AIM OF THE TASK: Reproduce the listing below word for word, with no pictures.

GIVEN DATA:
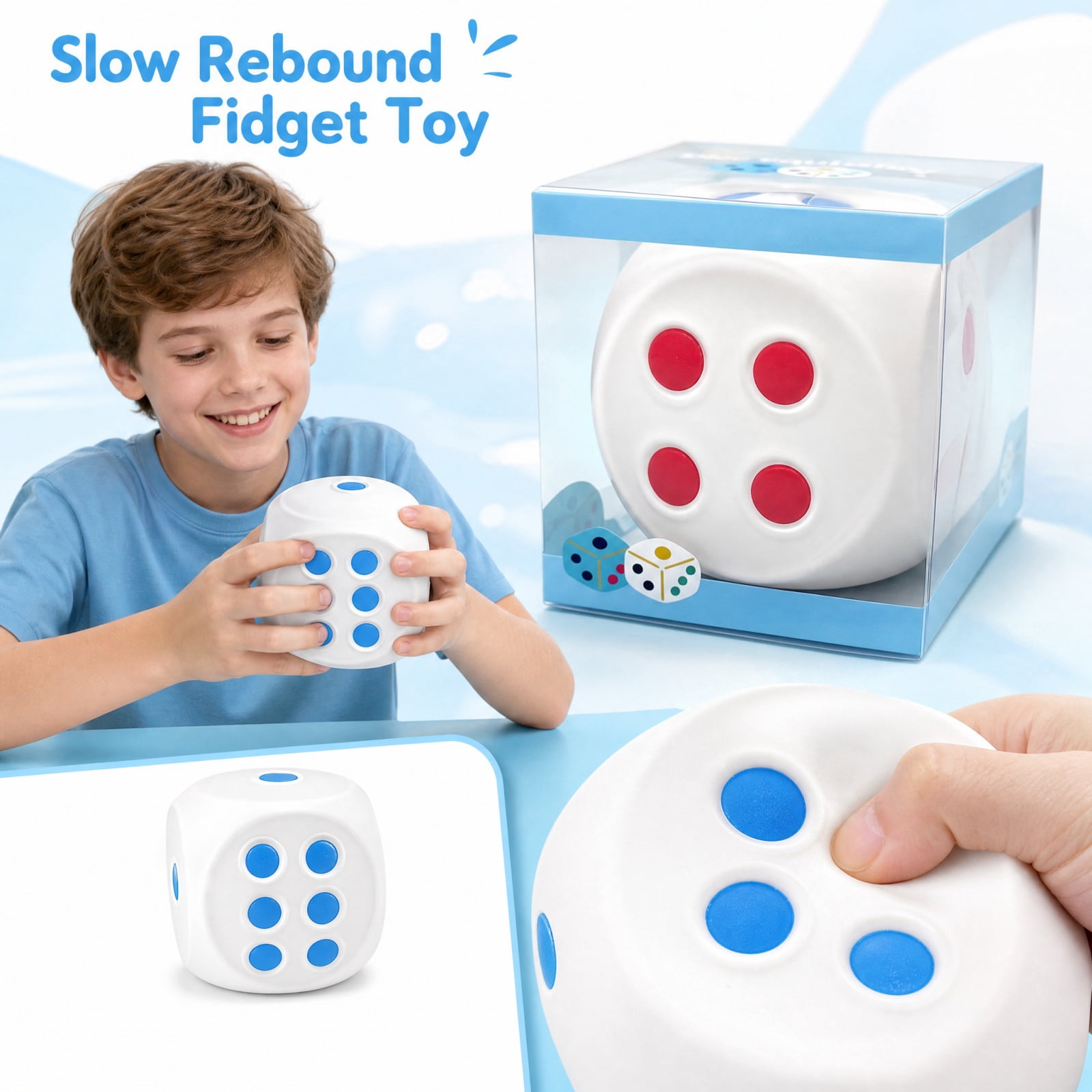Large Slow Rising Squishy Dice Toy with Red, White, and Blue Dots ...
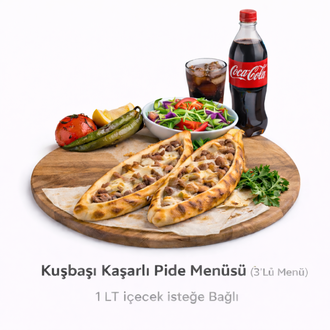 Kuşbaşı Kaşarlı Pide Menü (3'Lü Menü) görseli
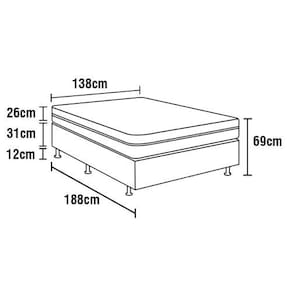 Cama Box Casal Umaflex Itália com Pillow Top e Molas Ensacadas 69x138x188 cm - Branco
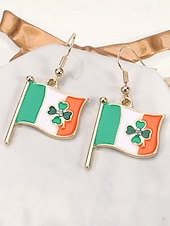 billiga Tillbehör-Damörhängen i legering med hängen till fest, St. Patrick's Day-motiv, flermönster med shamrock och pyssling, roliga festliga irländska smycken för högtidsfester, parader och festkläder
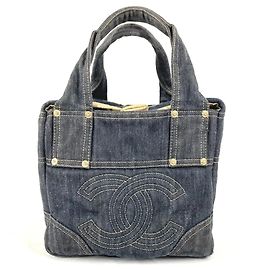 Borsa Tote Chanel Denim CC Coco Mark Logo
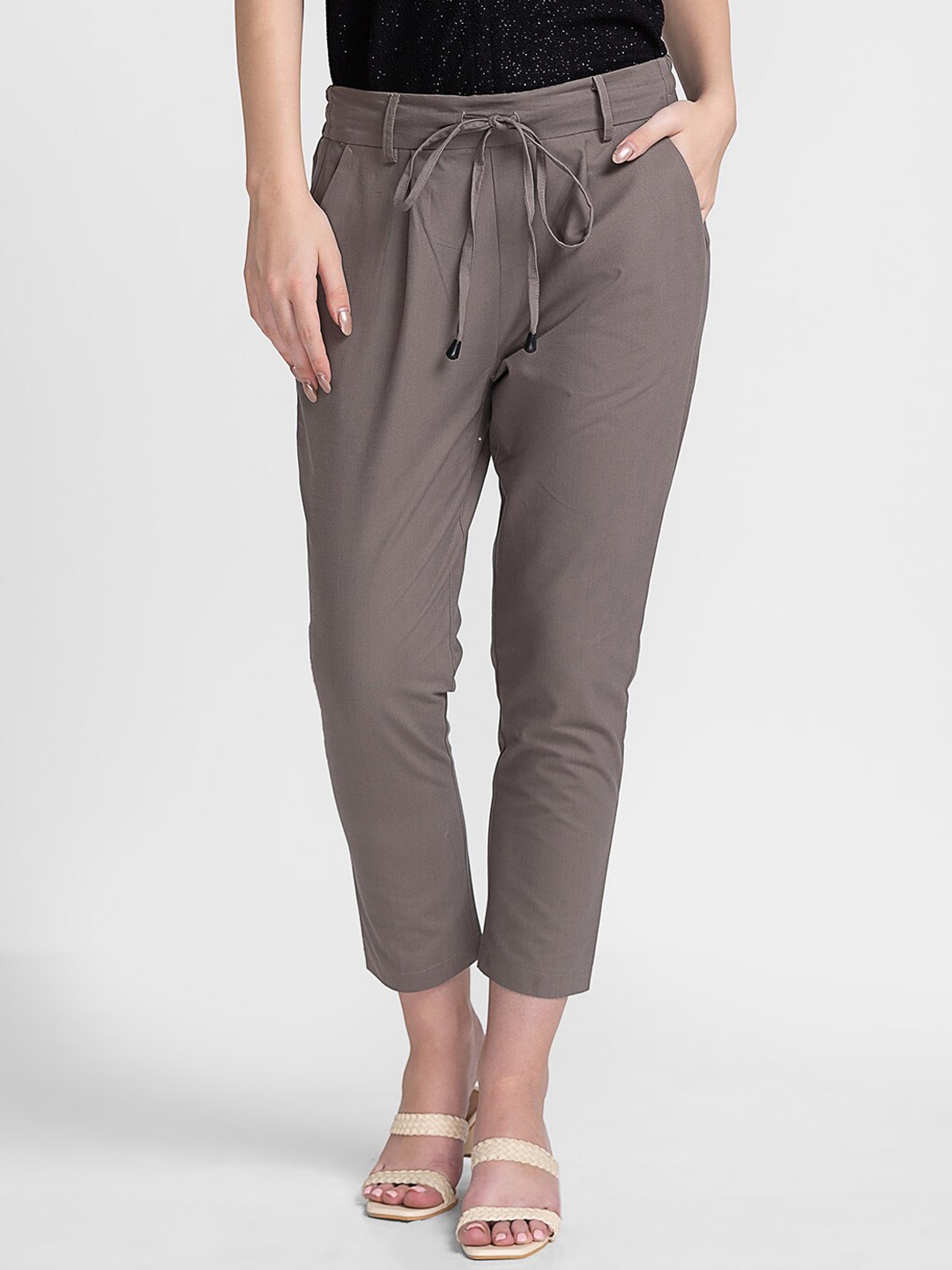 

Globus Women Taupe Pleated Pure Cotton Trousers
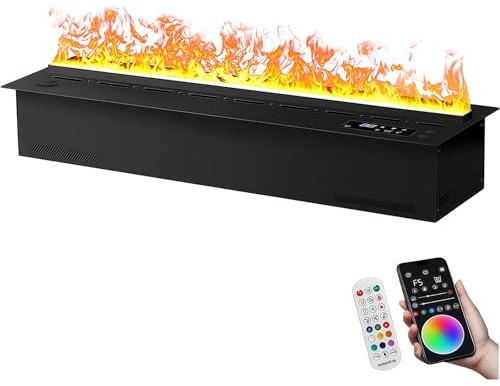 BESTXH Caminetto Elettrico Decorativo A Vapore Acqueo con Funzione Umidificatore E Fiamma 3D Nebulizzata, Pannello Ultrasottile da 3 Mm, Touch Screen/Telecomando,Nero,80cm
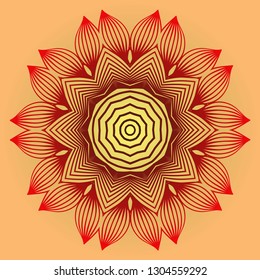 Ornamental Circle Pattern. Sacred Oriental Mandala. Color Floral Ornament. Vector Illustration. For Coloring Book, Card, Invitation, Tattoo. Anti-Stress Therapy Pattern. Red orange gold colour
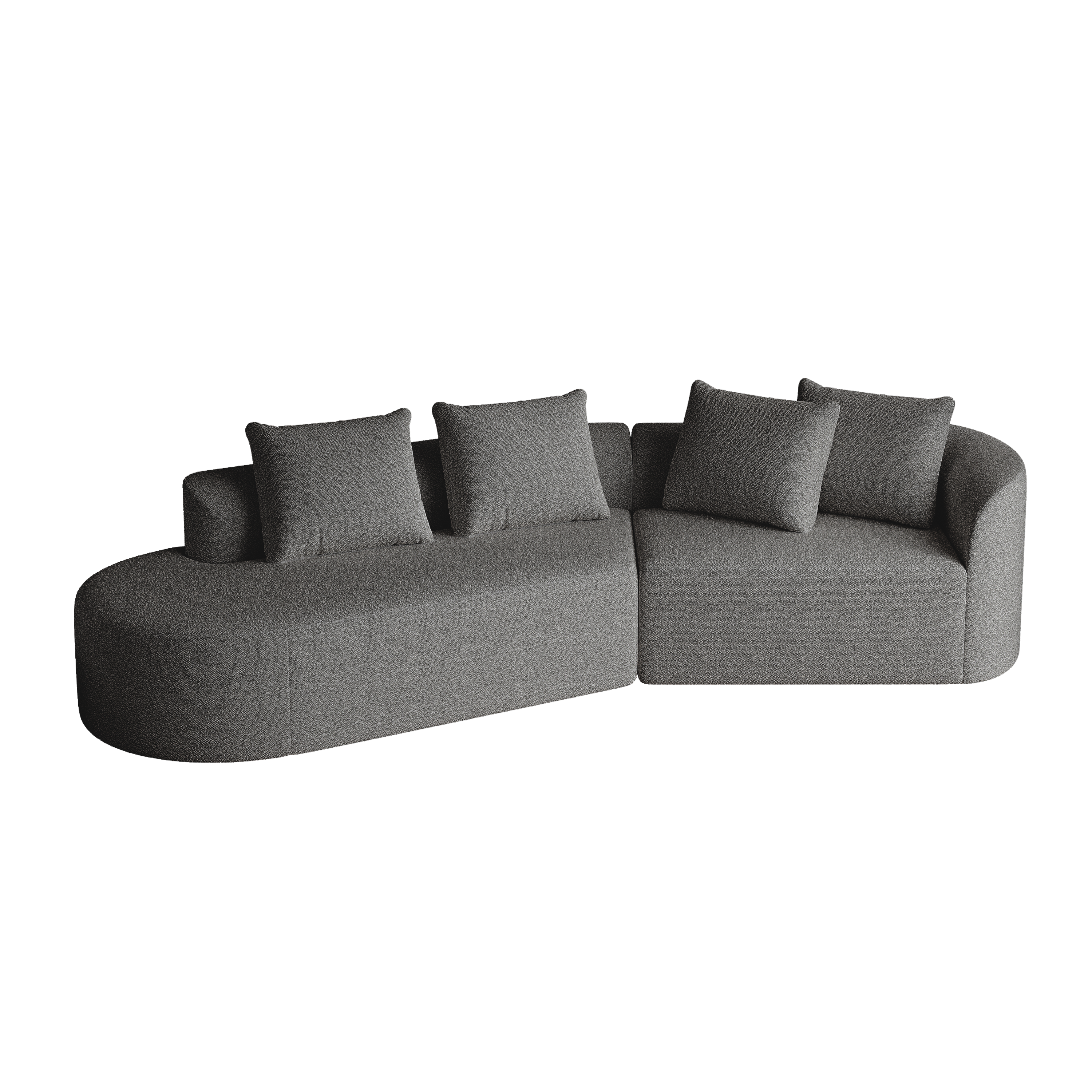 Chenille Sofa, Modern Oversized Corner, 4-Seater, Deep & Wide Seat, Cloud, Chenille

TASK SOLUTION:
Large Slow Rising Squishy Dice Toy with Red, White, and Blue Dots ...
 Kuşbaşı Kaşarlı Pide Menü (3'Lü Menü) görseli
 Cama Box Casal Umaflex Itália com Pillow Top e Molas Ensacadas 69x138x188 cm - Branco
 billiga Tillbehör-Damörhängen i legering med hängen till fest, St. Patrick's Day-motiv, flermönster med shamrock och pyssling, roliga festliga irländska smycken för högtidsfester, parader och festkläder
 Borsa Tote Chanel Denim CC Coco Mark Logo

Globus Women Taupe Pleated Pure Cotton Trousers
 BESTXH Caminetto Elettrico Decorativo A Vapore Acqueo con Funzione Umidificatore E Fiamma 3D Nebulizzata, Pannello Ultrasottile da 3 Mm, Touch Screen/Telecomando,Nero,80cm
 Ornamental Circle Pattern. Sacred Oriental Mandala. Color Floral Ornament. Vector Illustration. For Coloring Book, Card, Invitation, Tattoo. Anti-Stress Therapy Pattern. Red orange gold colour
 Chenille Sofa, Modern Oversized Corner, 4-Seater, Deep & Wide Seat, Cloud, Chenille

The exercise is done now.